So, while I don't suggest doing that, see disclaimer above; I think if you signed up you would eventually have an order eventually 'slip through the cracks' through not fault of your own. Customer support was based overseas, and were limited and then inundated with requests so realistically nothing was done to prevent anyone giving the order away.

What you have to also keep in mind is that these partnerships are often with franchisees' or privately owned restaurants who ultimately take the hit when food is not delivered and a refund is issued.
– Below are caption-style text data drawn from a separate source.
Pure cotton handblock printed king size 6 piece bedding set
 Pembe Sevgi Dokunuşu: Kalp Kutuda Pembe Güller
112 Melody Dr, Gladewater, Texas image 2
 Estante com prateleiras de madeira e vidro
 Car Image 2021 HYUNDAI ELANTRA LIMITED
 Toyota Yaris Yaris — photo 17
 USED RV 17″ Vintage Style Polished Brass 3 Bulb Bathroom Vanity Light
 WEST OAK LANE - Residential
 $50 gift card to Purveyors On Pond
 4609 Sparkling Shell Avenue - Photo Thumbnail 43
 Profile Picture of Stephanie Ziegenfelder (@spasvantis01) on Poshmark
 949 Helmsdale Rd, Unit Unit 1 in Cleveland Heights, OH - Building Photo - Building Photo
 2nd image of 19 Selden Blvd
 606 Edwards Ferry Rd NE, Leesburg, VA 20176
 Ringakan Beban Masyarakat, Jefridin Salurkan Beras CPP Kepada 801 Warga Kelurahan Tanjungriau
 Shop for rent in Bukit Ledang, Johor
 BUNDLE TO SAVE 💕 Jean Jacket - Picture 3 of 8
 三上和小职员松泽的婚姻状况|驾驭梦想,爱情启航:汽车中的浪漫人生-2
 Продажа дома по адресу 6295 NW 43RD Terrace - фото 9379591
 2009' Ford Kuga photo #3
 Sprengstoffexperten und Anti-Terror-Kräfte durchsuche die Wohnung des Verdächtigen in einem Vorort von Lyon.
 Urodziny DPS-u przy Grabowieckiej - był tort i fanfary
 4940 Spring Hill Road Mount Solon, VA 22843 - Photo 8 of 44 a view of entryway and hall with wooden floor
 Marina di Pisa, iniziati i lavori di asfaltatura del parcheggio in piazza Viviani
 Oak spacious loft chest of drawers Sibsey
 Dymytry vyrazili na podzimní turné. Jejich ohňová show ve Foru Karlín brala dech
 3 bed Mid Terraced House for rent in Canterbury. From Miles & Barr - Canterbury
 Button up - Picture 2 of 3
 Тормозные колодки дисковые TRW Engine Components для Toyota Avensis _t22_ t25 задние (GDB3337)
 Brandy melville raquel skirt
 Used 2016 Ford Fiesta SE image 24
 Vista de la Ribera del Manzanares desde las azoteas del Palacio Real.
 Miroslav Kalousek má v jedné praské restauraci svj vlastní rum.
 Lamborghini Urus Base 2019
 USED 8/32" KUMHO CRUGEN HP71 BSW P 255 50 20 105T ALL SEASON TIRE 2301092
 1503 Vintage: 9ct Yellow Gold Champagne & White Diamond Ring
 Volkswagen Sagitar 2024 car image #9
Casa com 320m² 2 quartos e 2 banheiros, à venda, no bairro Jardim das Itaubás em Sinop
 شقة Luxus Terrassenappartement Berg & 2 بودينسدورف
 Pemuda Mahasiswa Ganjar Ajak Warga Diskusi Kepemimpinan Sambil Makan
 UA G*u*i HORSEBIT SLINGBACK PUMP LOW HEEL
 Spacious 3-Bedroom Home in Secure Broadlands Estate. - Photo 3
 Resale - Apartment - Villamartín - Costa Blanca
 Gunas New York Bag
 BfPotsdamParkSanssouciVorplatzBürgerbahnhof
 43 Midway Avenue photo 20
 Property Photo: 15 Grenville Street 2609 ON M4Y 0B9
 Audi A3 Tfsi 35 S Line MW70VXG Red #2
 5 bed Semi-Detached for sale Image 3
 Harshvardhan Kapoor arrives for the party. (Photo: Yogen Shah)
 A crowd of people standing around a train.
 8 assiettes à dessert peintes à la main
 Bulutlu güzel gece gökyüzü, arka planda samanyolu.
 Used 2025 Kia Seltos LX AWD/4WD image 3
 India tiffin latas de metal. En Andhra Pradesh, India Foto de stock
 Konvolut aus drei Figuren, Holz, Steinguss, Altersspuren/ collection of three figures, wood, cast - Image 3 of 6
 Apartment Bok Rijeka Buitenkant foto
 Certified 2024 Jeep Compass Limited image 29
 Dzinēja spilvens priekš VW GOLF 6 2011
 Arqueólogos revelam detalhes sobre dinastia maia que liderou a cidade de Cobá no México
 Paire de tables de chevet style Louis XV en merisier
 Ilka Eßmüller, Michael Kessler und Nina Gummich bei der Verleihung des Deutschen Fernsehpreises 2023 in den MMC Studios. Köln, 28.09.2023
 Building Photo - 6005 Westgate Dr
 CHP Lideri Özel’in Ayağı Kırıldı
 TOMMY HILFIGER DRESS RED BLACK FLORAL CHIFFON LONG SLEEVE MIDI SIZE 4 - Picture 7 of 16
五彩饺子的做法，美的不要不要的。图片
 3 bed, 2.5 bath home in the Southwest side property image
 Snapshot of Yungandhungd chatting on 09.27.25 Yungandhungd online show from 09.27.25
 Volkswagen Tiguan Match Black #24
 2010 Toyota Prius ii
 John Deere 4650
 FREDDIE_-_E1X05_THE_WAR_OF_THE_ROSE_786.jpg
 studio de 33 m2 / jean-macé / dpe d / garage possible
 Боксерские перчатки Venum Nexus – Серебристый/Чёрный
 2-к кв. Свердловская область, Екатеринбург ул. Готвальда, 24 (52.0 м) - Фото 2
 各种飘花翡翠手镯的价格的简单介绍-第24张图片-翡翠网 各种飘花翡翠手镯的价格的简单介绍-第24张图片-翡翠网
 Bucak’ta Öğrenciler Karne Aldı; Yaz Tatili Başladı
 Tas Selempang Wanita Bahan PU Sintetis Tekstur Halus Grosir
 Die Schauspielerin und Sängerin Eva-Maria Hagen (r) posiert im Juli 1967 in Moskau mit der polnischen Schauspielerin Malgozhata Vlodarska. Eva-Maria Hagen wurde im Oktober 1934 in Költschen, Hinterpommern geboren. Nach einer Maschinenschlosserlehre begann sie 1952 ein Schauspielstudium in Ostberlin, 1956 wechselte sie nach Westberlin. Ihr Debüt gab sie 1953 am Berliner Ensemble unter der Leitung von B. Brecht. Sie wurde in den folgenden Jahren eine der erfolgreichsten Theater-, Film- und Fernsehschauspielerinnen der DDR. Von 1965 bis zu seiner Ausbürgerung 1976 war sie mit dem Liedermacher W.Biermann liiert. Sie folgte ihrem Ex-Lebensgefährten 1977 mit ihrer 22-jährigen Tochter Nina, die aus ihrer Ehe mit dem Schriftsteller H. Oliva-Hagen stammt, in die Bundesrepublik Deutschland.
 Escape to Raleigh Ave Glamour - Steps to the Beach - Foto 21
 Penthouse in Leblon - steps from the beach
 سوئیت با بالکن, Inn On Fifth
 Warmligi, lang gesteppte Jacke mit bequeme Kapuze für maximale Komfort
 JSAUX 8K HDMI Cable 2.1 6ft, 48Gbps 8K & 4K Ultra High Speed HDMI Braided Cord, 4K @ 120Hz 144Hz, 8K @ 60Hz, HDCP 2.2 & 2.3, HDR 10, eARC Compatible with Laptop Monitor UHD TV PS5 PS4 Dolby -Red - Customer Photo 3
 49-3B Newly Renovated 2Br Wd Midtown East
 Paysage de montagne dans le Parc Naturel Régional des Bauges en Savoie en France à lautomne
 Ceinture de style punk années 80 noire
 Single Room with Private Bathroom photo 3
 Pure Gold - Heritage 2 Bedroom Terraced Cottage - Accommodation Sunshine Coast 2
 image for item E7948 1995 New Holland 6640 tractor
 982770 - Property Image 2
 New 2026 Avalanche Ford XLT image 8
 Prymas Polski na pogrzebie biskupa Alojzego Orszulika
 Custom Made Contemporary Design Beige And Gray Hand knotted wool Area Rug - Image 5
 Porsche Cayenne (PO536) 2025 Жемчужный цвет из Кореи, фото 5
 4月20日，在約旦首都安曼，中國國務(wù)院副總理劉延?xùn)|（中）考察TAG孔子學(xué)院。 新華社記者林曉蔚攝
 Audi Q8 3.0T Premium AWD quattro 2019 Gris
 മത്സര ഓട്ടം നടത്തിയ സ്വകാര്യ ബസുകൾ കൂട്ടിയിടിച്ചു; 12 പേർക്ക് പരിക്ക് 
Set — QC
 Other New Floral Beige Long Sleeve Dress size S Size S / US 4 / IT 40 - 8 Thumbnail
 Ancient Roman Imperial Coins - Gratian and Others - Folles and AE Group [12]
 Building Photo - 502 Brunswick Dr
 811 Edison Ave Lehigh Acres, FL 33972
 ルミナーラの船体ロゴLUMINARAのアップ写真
Which is why you see vigilante like behaviour be lauded by Doordashers when they see pizza being arbitraged, and them saying 'F-Doordash.'

So, in short, if you did it long enough you wouldn't need to steal anything and your opportunity would happen anyway through not fault of your own.

I highly suggest people read the r/doordash sub-reddit, its anecdotal but also direct feedback from a wide breadth of drivers, some positive, some neutral and a lot negative ones about the absurd algorithm based compensation model: the recurring $3 for +15 mile delivery kind of deal.

So, as person who spent a lot of time in the Culinary Industry, just do the right thing and buy any food you want to donate. Playing Robinhood within this context just nets a situation in which almost nobody ever wins.

There was a user here on HN who was trying to launch his own food delivery app; I wish he'd update and see if he had any updates on his progress and if he took significant Market Share from these big players.


I'm highly sceptical about his prospects, mostly because of the upfront cost of being moral.(you'd have to pay $15/hr to a driver in NYC)

Unless he decided to go immoral and shaft the delivery people.(Having seen how much abuse undocumented waiters and delivery people suffer from the restaurants)


> I'm highly sceptical about his prospects...

I'm not entirely sure who you're referring to in your response, or if that was even directed at my response.

Could you elaborate on what exactly it is you're talking about?


Your last statement about the guy that was planning on starting his own delivery service.


Ever go to an Italian restaurant and they have a 30 minute or so variance in how soon they bring your order? That’s because they don’t adjust for the online orders in their kitchen. Either constrained by physical size or staff, also most services don’t rate limit how many orders go to singular restaurants. It’s especially hard for a restaurant to suspend online ordering if they rely on email, fax, or robo called orders.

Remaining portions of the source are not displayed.